Trichodesmium dominate the PADs
The results of microscopy-based cell counting showed a relatively lower Trichodesmium abundance (1.29×103 –8.22×103 trichomes m−2 in the euphotic waters, Fig. S2) in the South China Sea than previously reported [34, 35, 61]. The differences may have been due to the use of different sampling methods, as the net-tow (100-μm mesh) collection of plankton in our study would have excluded free-living or smaller aggregates of Trichodesmium cells, both of which are captured in previous studies using smaller pore-size filters (0.2-, 10- or 20.μm) [34, 35, 61]. Nevertheless, the sampling method used in our study was chosen to ensure collection of the PADs fraction while excluding free-living diazotrophs, as that different patterns for PADs and whole diazotrophic communities were expected.
Trichodesmium is one of the dominant diazotrophs in tropical and subtropical oceans [5, 6, 62]. In the South China Sea, heterotrophic Proteobacteria was shown to dominate the diazotrophic communities [34, 35]. However, consistent with the results of Farnelid and colleagues, who reported the predominance and enrichment of cyanobacteria, including Trichodesmium, in diazotrophic communities associated with sinking particles , we found that Trichodesmium accounted for nearly all of the PADs (~98%) in our samples. It seems that autotrophic cyanobacterial diazotrophs such as Trichodesmium tend to dominate in large particle-size fraction of the diazotrophic community inhabiting the euphotic-zone, while heterotrophic diazotrophs tend to be free-living.
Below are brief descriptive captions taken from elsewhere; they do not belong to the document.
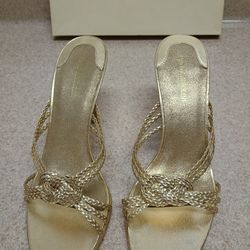New Enzo Angiolini Women's Gold Leather Open Toe Heel Slide Sandal Size 8.5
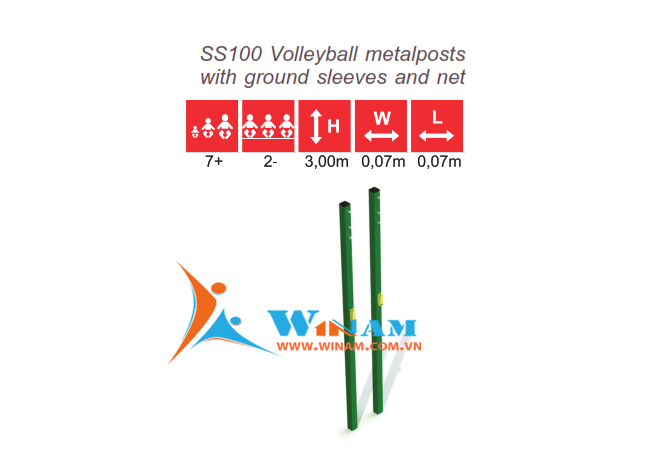 Thiết bị bóng chuyền - WinFit - SS100 Volleyball metalposts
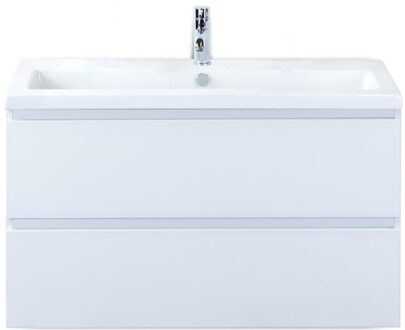 Vogue Badmeubelset 100 cm - Greeplijst in Kleur - Wit Hoogglans - Keramische Wastafel Wit 1 Kraangat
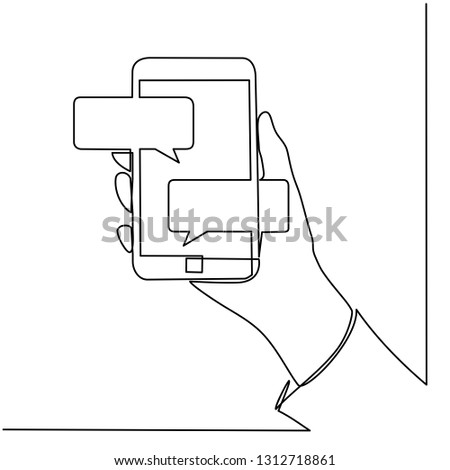 Continuous line drawing of hands that hold a modern mobile phone and receive messages that are isolated against a white background. Vector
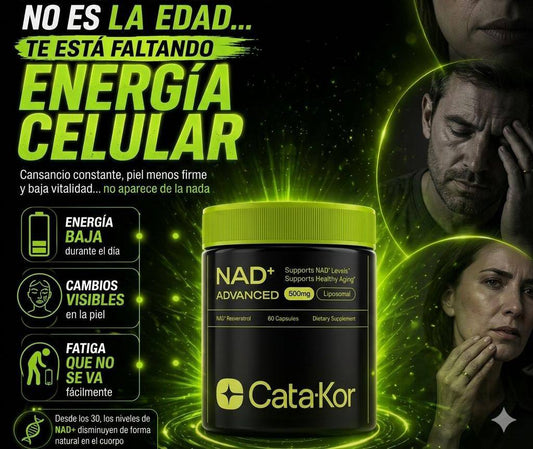 NAD Resveratrol Premium de Maxima Pureza con Tecnología Liposomal de absorción avanzada resultados en 15 Días Garantizados (CATA-KOR ADVANCED 60 capsulas)
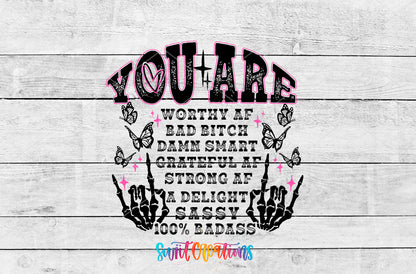 You Are a Badass Affirmation artwork detail for the finished 16 oz tumbler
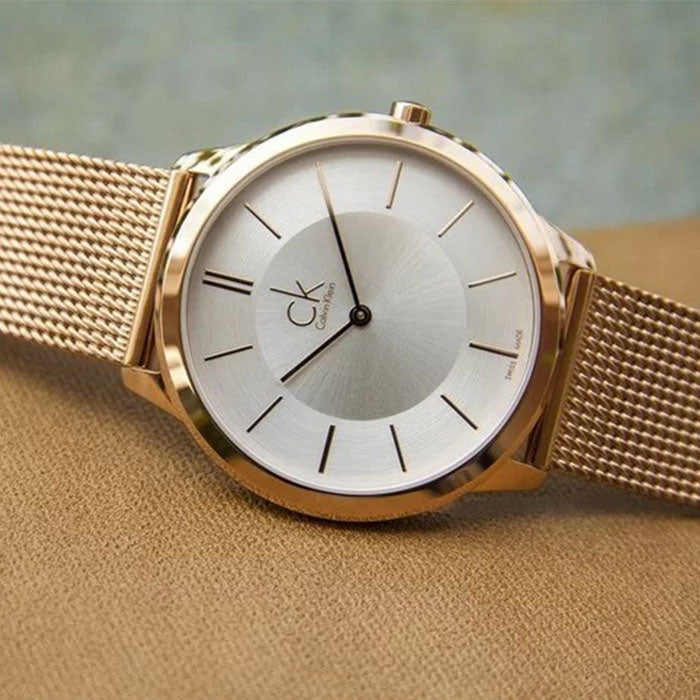 Calvin Klein Minimal White Dial Rose Gold Mesh Bracelet Watch for Men - K3M21626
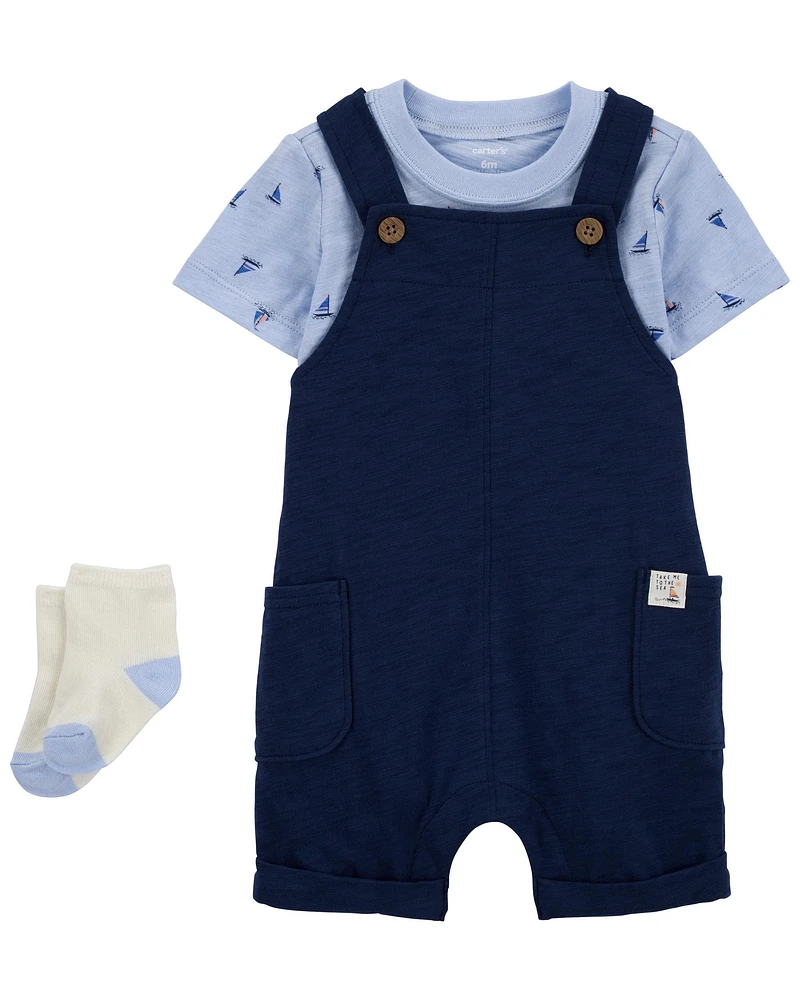 Baby 3-Piece Tee & Shortall Set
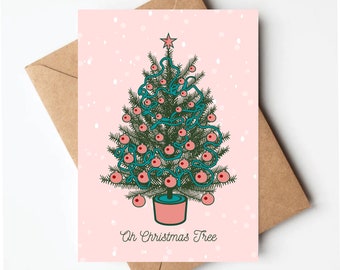 Pink Christmas tree card, pastel Christmas cards, whimsical Christmas card, cute Christmas cards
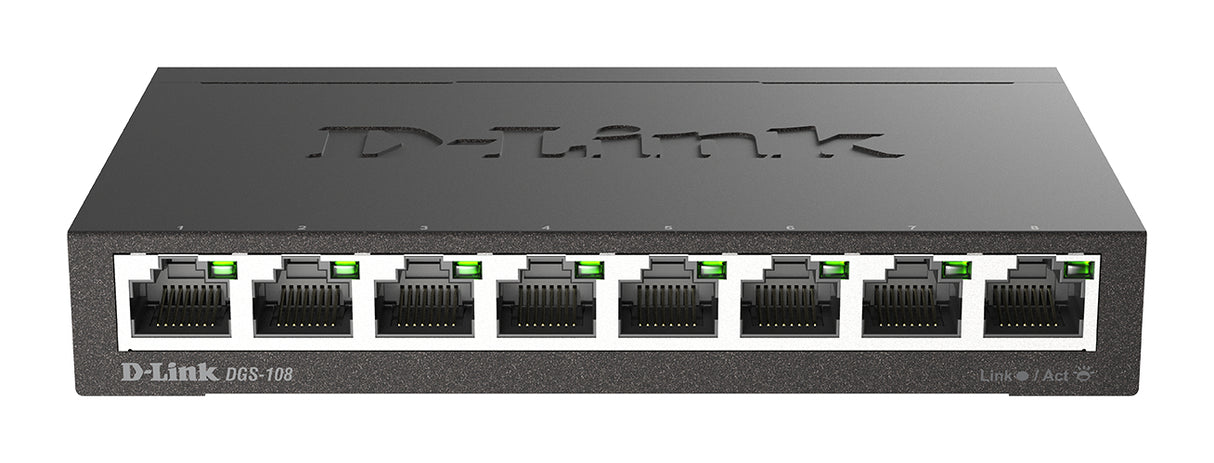 D-Link DGS-108 network switch Unmanaged L2 Gigabit Ethernet (10/100/1000) Desktop Black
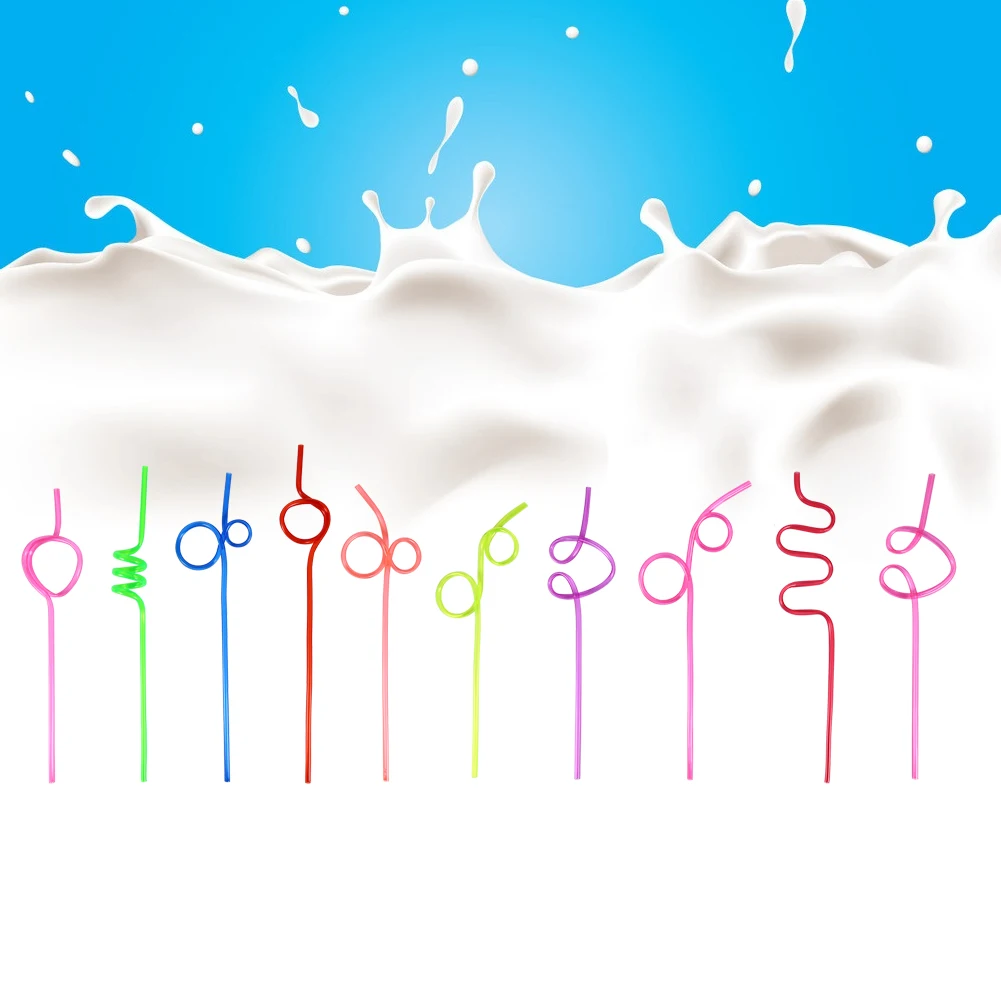 10pcs/Set Colorful Straw Crazy Curly Loop Coloured Plastic Drinking Straws For Birthday Party Straws Disposable Party Supplies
Alternatively, the disproportional enrichment of Trichodesmium in the >100 μm size fraction could be resulted from colonization of their cells. Thus, our collection method revealed a difference in the community structure of bulk diazotrophs vs. PADs associated with large particles.
We also found that Trichodesmium accounted for the majority (87%) of the nitrogenase mRNA transcripts of PADs (Fig. 5). However, an analysis of the nifH RNA/DNA ratio showed that the nifH gene expression level of Trichodesmium was lower than that of rare but active groups (e.g., heterocystous cyanobacteria) (Fig. 7). In a previous isotope-based investigation, more than half of the Trichodesmium cells were incapable of fixing nitrogen . Therefore, changes in the abundance of diazotrophic groups, determined using nifH DNA sequences, may not reflect changes in the nitrogen fixation activity of the respective members, whose ability to fix nitrogen varies. However, newly developed isotope techniques, especially NanoSIMS, allow the nitrogen fixation rate of specific groups to be investigated at the single cell level [11, 63].